Favourite playwrights
Harold Pinter. I’ve seen lots of Pinter. I did a rehearsed reading of The Room at the Royal Court a few weeks ago. It really made me realise for the first time up close and personal why he is so revered. Would I ever follow in my father’s footsteps to become a playwright? No, I don’t know about that. I don’t think so.

What roles would you most like to play still?
I’d like to do more Pinter. If anyone wants to offer me a role in a Pinter play, I’ll take it.
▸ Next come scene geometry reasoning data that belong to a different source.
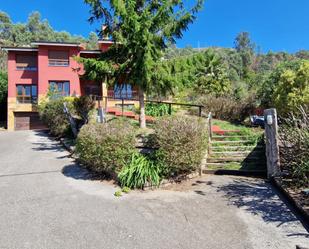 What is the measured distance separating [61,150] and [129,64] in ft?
16.1

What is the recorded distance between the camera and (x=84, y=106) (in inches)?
635

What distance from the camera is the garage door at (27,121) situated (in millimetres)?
30134

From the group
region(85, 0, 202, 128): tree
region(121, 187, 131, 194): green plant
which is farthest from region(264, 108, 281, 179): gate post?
region(85, 0, 202, 128): tree

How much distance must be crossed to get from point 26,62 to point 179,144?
2712 centimetres

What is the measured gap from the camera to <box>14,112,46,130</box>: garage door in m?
30.1

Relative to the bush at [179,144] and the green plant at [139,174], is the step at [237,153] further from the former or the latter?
the green plant at [139,174]

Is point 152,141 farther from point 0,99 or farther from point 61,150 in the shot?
point 0,99

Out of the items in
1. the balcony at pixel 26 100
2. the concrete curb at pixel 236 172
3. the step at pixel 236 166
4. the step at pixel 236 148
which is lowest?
the concrete curb at pixel 236 172

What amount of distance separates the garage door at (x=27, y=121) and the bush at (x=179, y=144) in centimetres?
2457

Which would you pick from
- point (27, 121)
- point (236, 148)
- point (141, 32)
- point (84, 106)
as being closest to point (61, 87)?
point (27, 121)

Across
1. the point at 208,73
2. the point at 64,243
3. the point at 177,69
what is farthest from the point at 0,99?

What was the first thing you saw on stage that made a big impact on you? And the last?
I remember going to see a play of my dad’s called On the Razzle. I must have been about six or something. There is something really magical about theatre at its best. You sort of revert to being a child again. You can get lost in having a tea party with teddy bears. I mean, how the fuck can you sit down and have a tea party with teddy bears? But actually, a child can do it and it’s not a chore for my daughter, it’s a natural state to be in… I sometimes have to join in with the tea parties! But theatre’s like that. When theatre’s at its best, the lights go down and you’re peering through this window into this world. My memory of On the Razzle is absolutely that, it’s this feeling of being drawn into this story that’s being played just for me with these bright lights and wonderful characters. I have to admit I have not been to the theatre in possibly the longest time in my life. I had a week off when we were touring Hamlet and I went to see Stephen Dillane’s one-man Macbeth at the Almeida and it was pretty staggering. I didn’t like all of it, but some of it was just mind-blowing. Someone said to me “yeah, but is it better than seeing an entire cast do Macbeth?” The answer is sort of yes and no. The beauty of it is that you had this amazing actor for all the smaller roles like Malcolm and Macduff and roles you would never usually see an actor of his calibre doing, and his Macbeth itself was fantastic. Macbeth is a role I might like to play. My preference is for the more tortured characters in Shakespeare. I don’t see myself as an Orlando in As You Like It and those young romantic leads – going back to what Gary Oldman said – I don’t know what would be in their fridge. I don’t really want to know what they keep in their fridge, that’s the problem. I don’t care so much about what makes them tick.

You’ve mentioned Macbeth quiet a lot. Are you superstitious at all?
Yes, I am a bit. If we were in the theatre now, I’d be saying Maccers or something, not calling it by its full name. I’m like the nuclear physicist Niels Bohr. He used to have a horseshoe over his door and a friend of his said “surely you don’t believe it” and he said “no but apparently it works whether you believe it or not”. I’m sort of like that with superstition. I don’t believe in it, but I still think it’s worth being careful.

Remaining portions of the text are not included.